1

Vanilla policy gradient has a loss function:

$$\mathcal{L}_{\pi_{\theta}(\theta)} = E_{\tau \sim \pi_{\theta}}[\sum\limits_{t = 0}^{\infty}\gamma^{t}r_{t}]$$

while in TRPO it is:

$$\mathcal{L}_{\pi_{\theta_{old}}(\theta)} = \frac{1}{1 - \gamma}E_{s, a \sim \pi_{\theta_{old}}}[\frac{\pi_{\theta}(a|s)}{\pi_{\theta_{old}(a|s)}}A^{\pi_{\theta_{old}}}(s,a)]$$

There exists some problems of vanilla policy gradient, such that distance dismatch between parameter space and policy space and suffering poor sample efficiency.

For tackling this problem, TRPO introduces importance sampling for improving this.

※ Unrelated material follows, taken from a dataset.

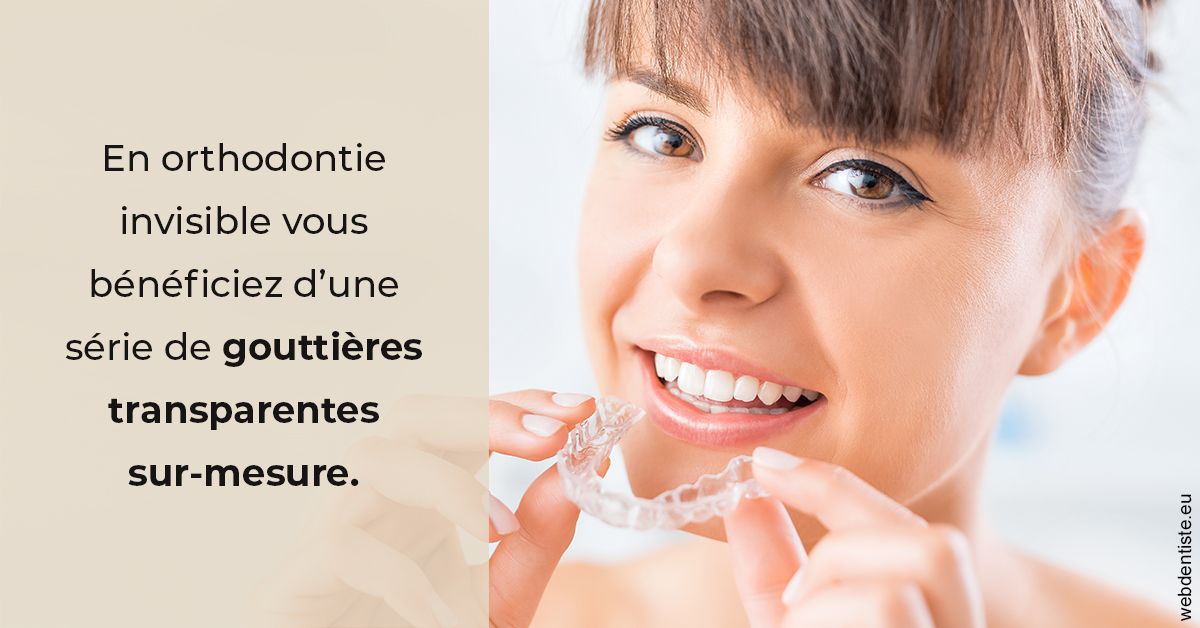 https://dr-justin-laurence.chirurgiens-dentistes.fr/Orthodontie invisible 1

However, when I compared the pseudocode of two algorithms, I don't see any obvious evidence that aids the point. They all firstly sampled multiple trajectories under the current policy. The former then just uses the estimated gradient of loss function to update the parameter $\theta$. The latter also uses the estimated gradient but under the KL constraint to update the parameter $\theta$. It looks like they are almost the same procedure but with some subtle difference of the optimization process.

My question is - should it be more accurate to say that importance sampling just increases the stability of the sequential decision making process, or rather, avoid update too aggressively, but not directly improves the sample efficiency?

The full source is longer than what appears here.